Parsing Linear Context-Free Rewriting Systems with Fast Matrix Multiplication
This work improves parsing efficiency for computational linguistics and natural language processing, though it is incremental as it builds on existing matrix multiplication techniques.
The paper tackles the problem of parsing linear context-free rewriting systems (LCFRS) by developing a matrix multiplication recognition algorithm with a running time of O(n^{ωd}), where ω is the matrix multiplication exponent and d is the contact rank, and extends it to general binary LCFRS with O(n^{ωd + 1}) time, achieving results like O(n^{4.76}) for mildly context-sensitive formalisms.

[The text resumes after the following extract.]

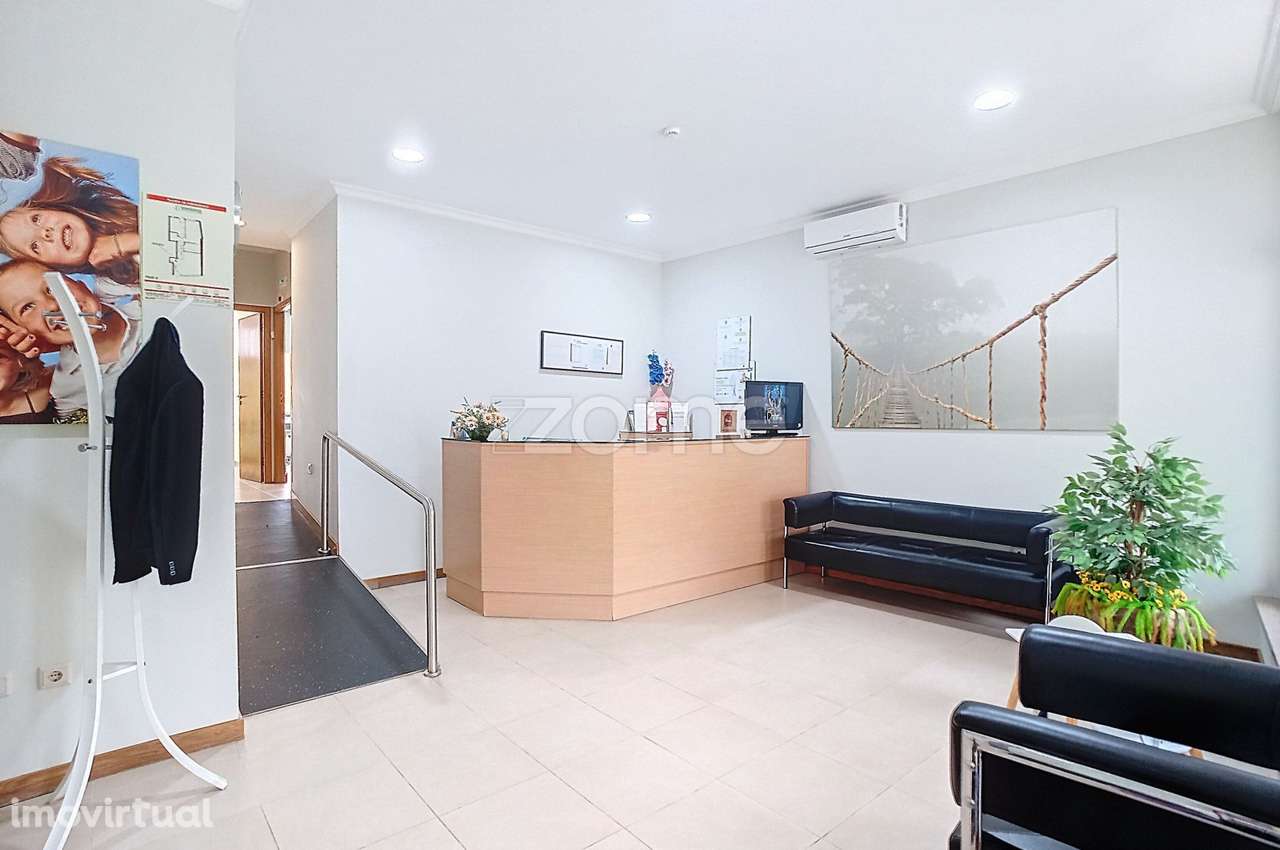 Clínica Dentária para Trespasse em Angeja - Grande imagem: 2/24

We describe a matrix multiplication recognition algorithm for a subset of binary linear context-free rewriting systems (LCFRS) with running time $O(n^{ωd})$ where $M(m) = O(m^ω)$ is the running time for $m \times m$ matrix multiplication and $d$ is the "contact rank" of the LCFRS -- the maximal number of combination and non-combination points that appear in the grammar rules. We also show that this algorithm can be used as a subroutine to get a recognition algorithm for general binary LCFRS with running time $O(n^{ωd + 1})$. The currently best known $ω$ is smaller than $2.38$. Our result provides another proof for the best known result for parsing mildly context sensitive formalisms such as combinatory categorial grammars, head grammars, linear indexed grammars, and tree adjoining grammars, which can be parsed in time $O(n^{4.76})$. It also shows that inversion transduction grammars can be parsed in time $O(n^{5.76})$. In addition, binary LCFRS subsumes many other formalisms and types of grammars, for some of which we also improve the asymptotic complexity of parsing.